Available data:
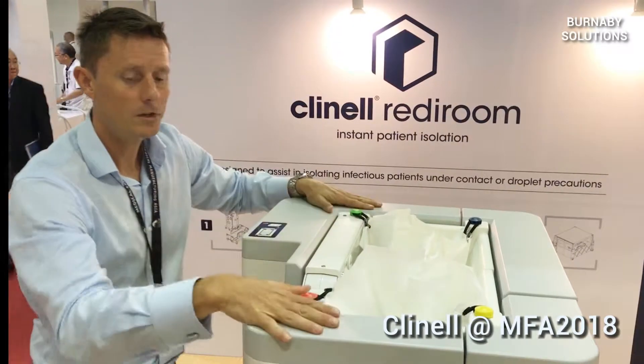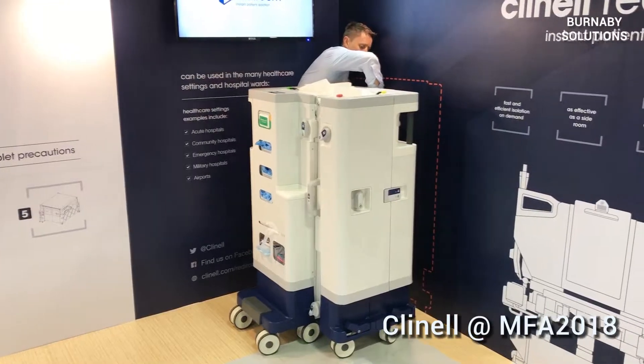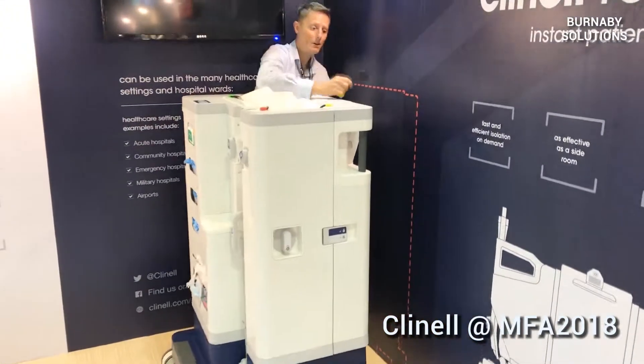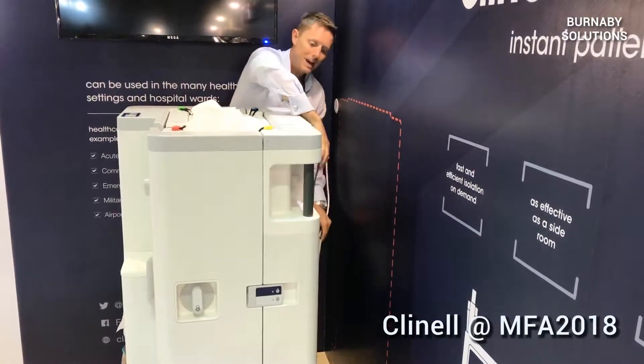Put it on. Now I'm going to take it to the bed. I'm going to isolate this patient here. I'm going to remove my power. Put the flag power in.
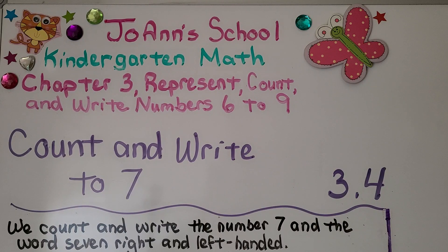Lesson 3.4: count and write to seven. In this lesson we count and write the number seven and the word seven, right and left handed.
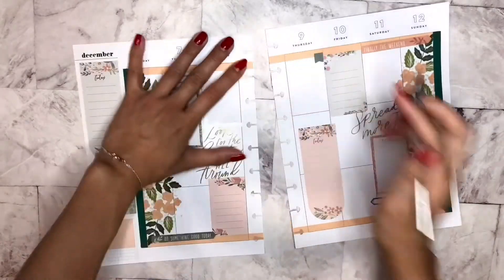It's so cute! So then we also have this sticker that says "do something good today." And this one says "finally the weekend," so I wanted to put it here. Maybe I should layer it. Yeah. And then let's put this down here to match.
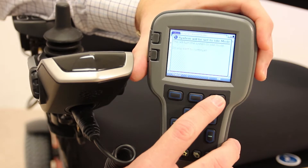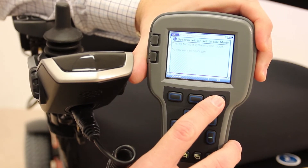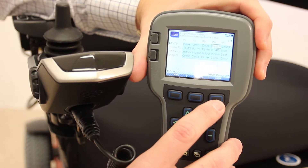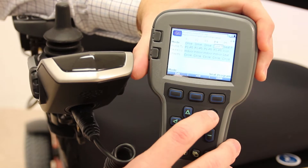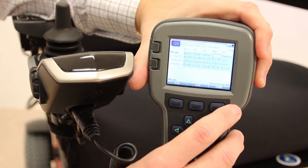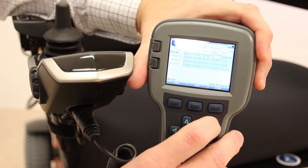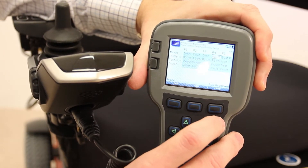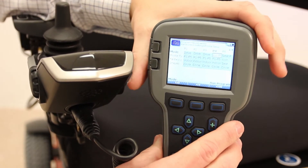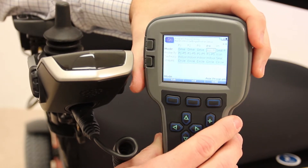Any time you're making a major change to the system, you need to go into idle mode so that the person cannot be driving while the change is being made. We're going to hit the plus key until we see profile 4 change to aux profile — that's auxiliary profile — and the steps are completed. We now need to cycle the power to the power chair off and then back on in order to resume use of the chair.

Exercise objective: The response should restate the material above word for word and contain no pictures.

Reply:
Put it on. Now I'm going to take it to the bed. I'm going to isolate this patient here. I'm going to remove my power. Put the flag power in.
Lesson 3.4: count and write to seven. In this lesson we count and write the number seven and the word seven, right and left handed.
It's so cute! So then we also have this sticker that says "do something good today." And this one says "finally the weekend," so I wanted to put it here. Maybe I should layer it. Yeah. And then let's put this down here to match.
Any time you're making a major change to the system, you need to go into idle mode so that the person cannot be driving while the change is being made. We're going to hit the plus key until we see profile 4 change to aux profile — that's auxiliary profile — and the steps are completed. We now need to cycle the power to the power chair off and then back on in order to resume use of the chair.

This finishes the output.